# No Experience EMT Resume



## BriaWright01 (Dec 3, 2014)

hey guys,

Well since I've graduated EMT school(2 weeks ago) I've been searching for employment but haven't applied to anything that i have found for one huge reason...I do not have a EMT resume, and I clearly don't have any EMT related work experience. In all honesty I have not the slightest idea as to what I should do, how I should do it, and what I should put on it. If anyway possible can someone help me overcome this problem so that I may obtain employment.
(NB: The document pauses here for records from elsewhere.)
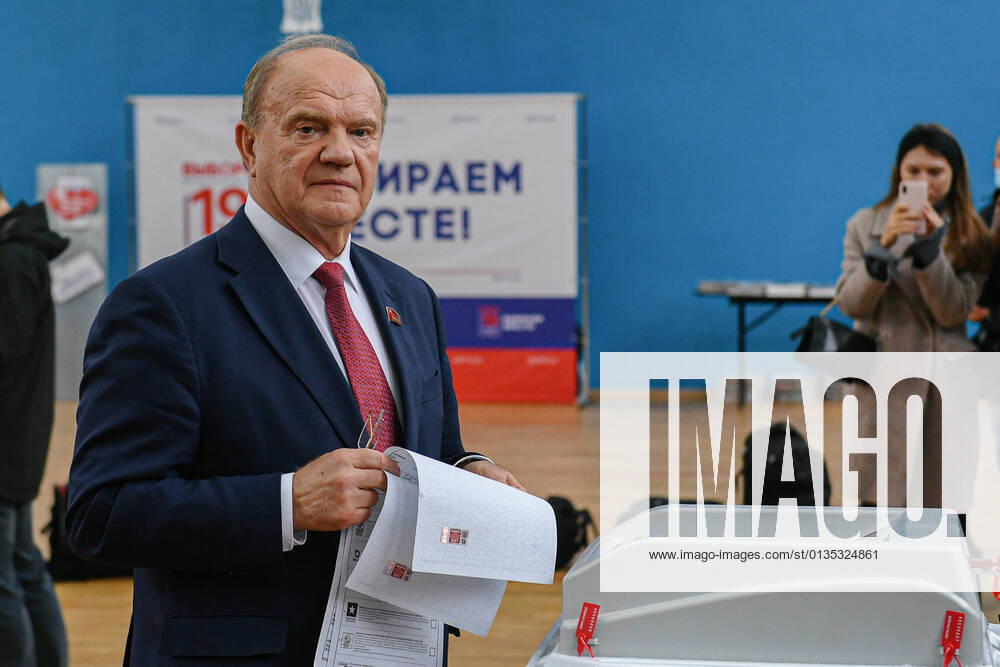 (210919) -- MOSCOW, Sept. 19, 2021 -- Gennady Zyuganov, chairman of the Central Committee of the Communist Party of the Russian Federation, votes during the elections of the State Duma in Moscow, Russia, Sept. 19, 2021. Russia holds elections for deputies of the State Duma, or the lower house of parliament, from Sept. 17 to 19. ) RUSSIA-MOSCOW-STATE DUMA-ELECTIONS EvgenyxSinitsyn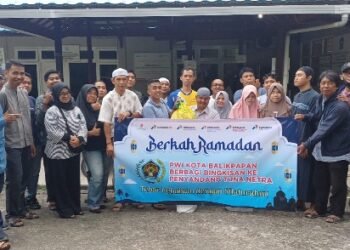 PWI Berbagi Bingkisan Bersama Pertuni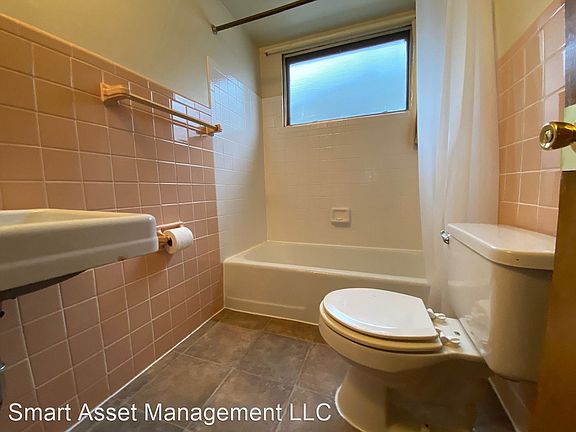 4th image of 3416 W Highland Blvd #8947990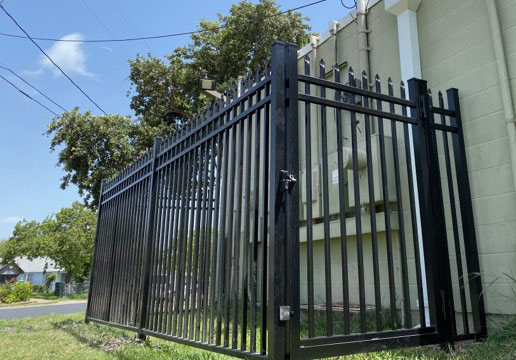Outdoor Aluminum Fence in Corpus Christi, Texas
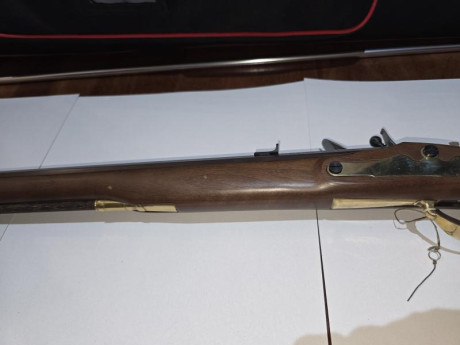 Vendo fusil Pedersoli Jäger Target.
El arma se encuentra de reestreno, solo ha tirado 13 cargas para probar 21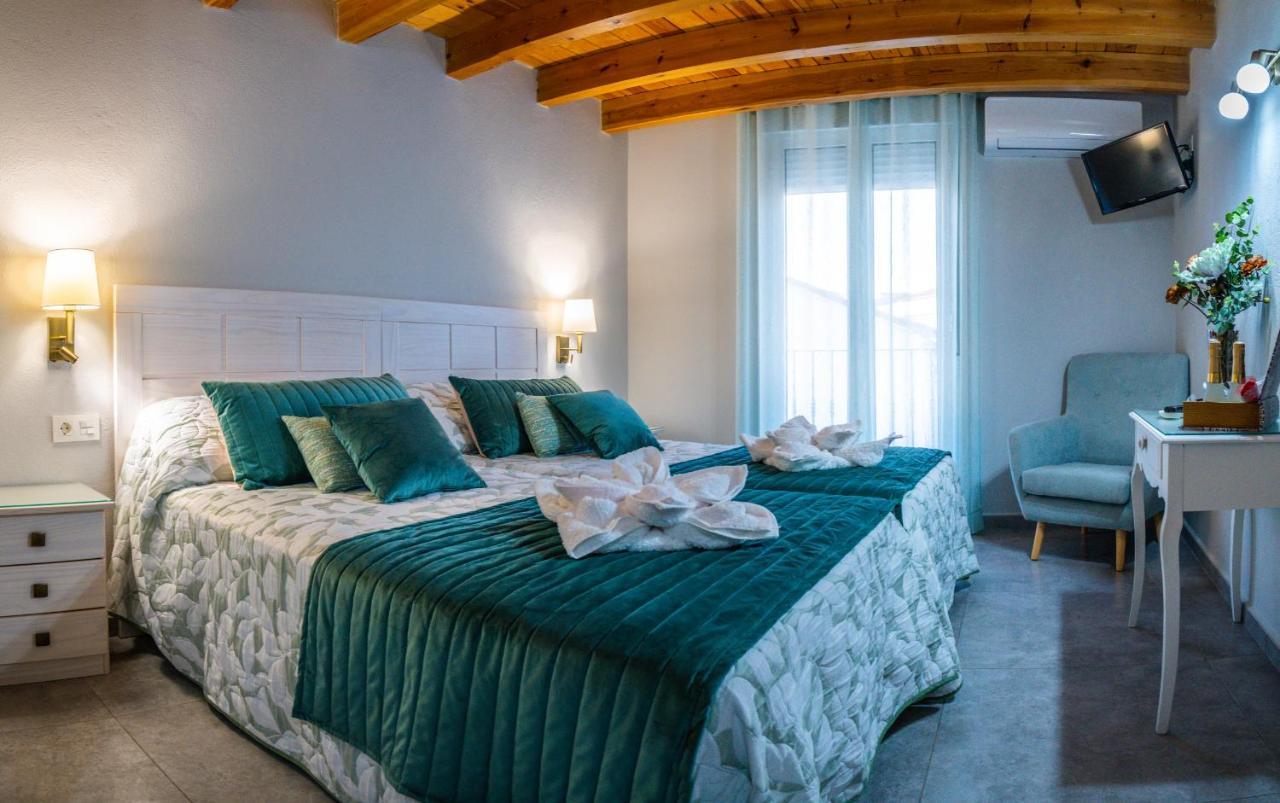 Apartamentos Turisticos El Altozano Fuentes De Leon Екстер'єр фото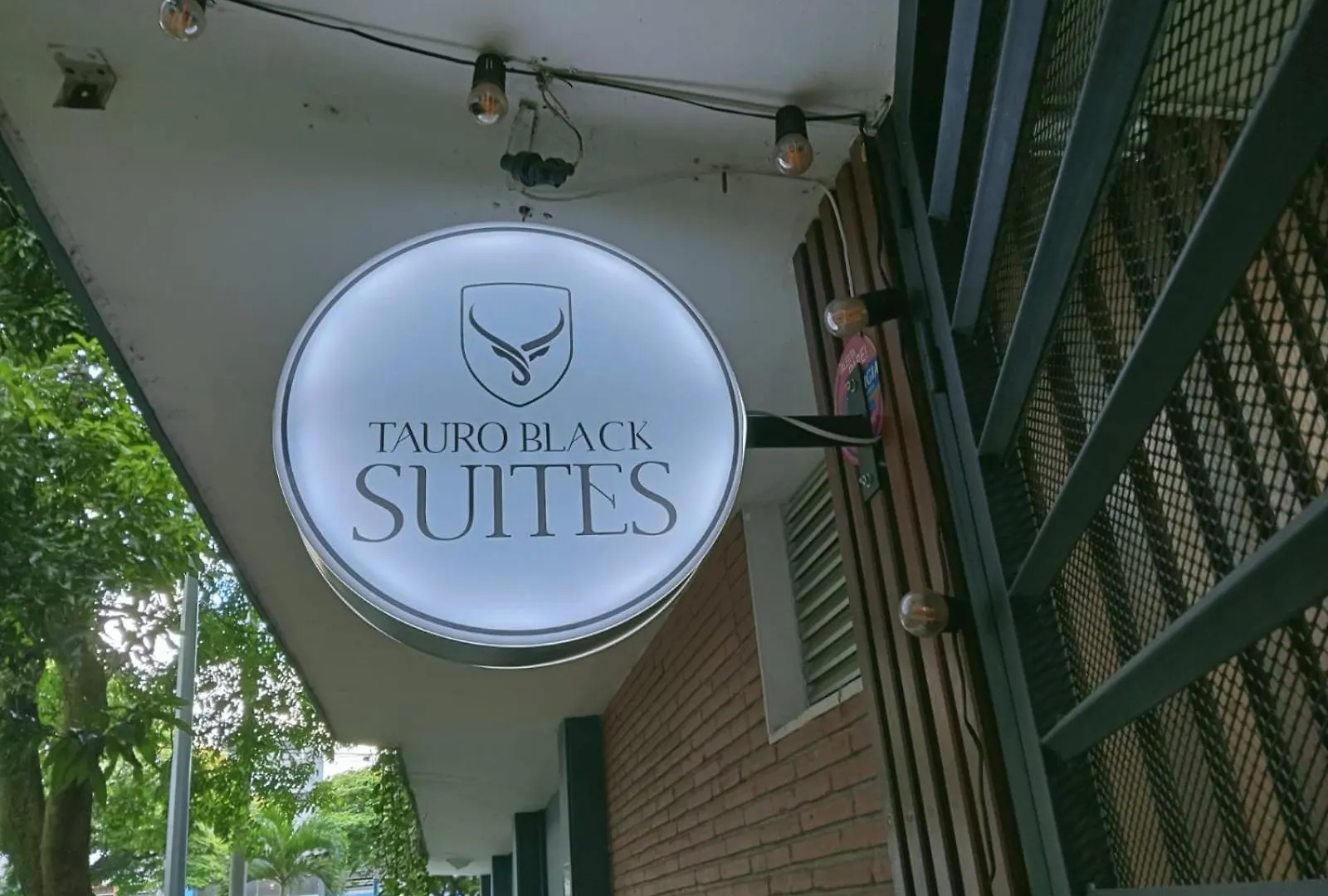 Hotel Tauro Black Suites Cerca Al Estadio Atanasio Girardot Medellin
THANK YOU IN ADVANCE!!!!!


----------



## Jason (Dec 3, 2014)

Greetings,
Congratulations on getting your EMT. 
In what area or state are you now an EMT and seeking employment?  
Resumes need to be neat, clean, and to the point.  For you, it may very well be a quick to the point.  Focus on what you have to offer and your goals.  Show/sell yourself as eager to learn and work.
Maybe these will help:
http://www.dayjob.com/content/student-resume-996.htm
http://www.businessinsider.com/resume-for-job-seeker-with-no-experience-2014-7
http://jobsearch.about.com/library/samples/blhsresume2.htm
Hopefully, since you don't have experience ... following a type of student/new grad format will be helpful.
Best of Luck!


----------



## BriaWright01 (Dec 3, 2014)

Jason said:


> Greetings,
> Congratulations on getting your EMT.
> In what area or state are you now an EMT and seeking employment?
> Resumes need to be neat, clean, and to the point.  For you, it may very well be a quick to the point.  Focus on what you have to offer and your goals.  Show/sell yourself as eager to learn and work.
> ...


Thank you Jason And I Am From Brooklyn, New York and seeking employment in my area for now


----------



## CALEMT (Dec 3, 2014)

Got to start somewhere, I would put any job experience you have EMS or not. If you don't have any well like I said you have to start somewhere.


----------



## NomadicMedic (Dec 3, 2014)

If you don't have any EMS experience, make sure you highlight any customer experience you may have. (That's most of what this job is...)


----------



## BriaWright01 (Dec 3, 2014)

thank you i made it im open to it being reviewed if anyone would love to do so


----------



## Ethan (Feb 12, 2015)

If you live in Brooklyn there a few volunteer services that will give you plenty hours of experience and it would be a great networking opportunity!  You do not have to do hundreds of hours. I started my EMT services with a very active suburb in NJ and made lifelong friends and of course references!


----------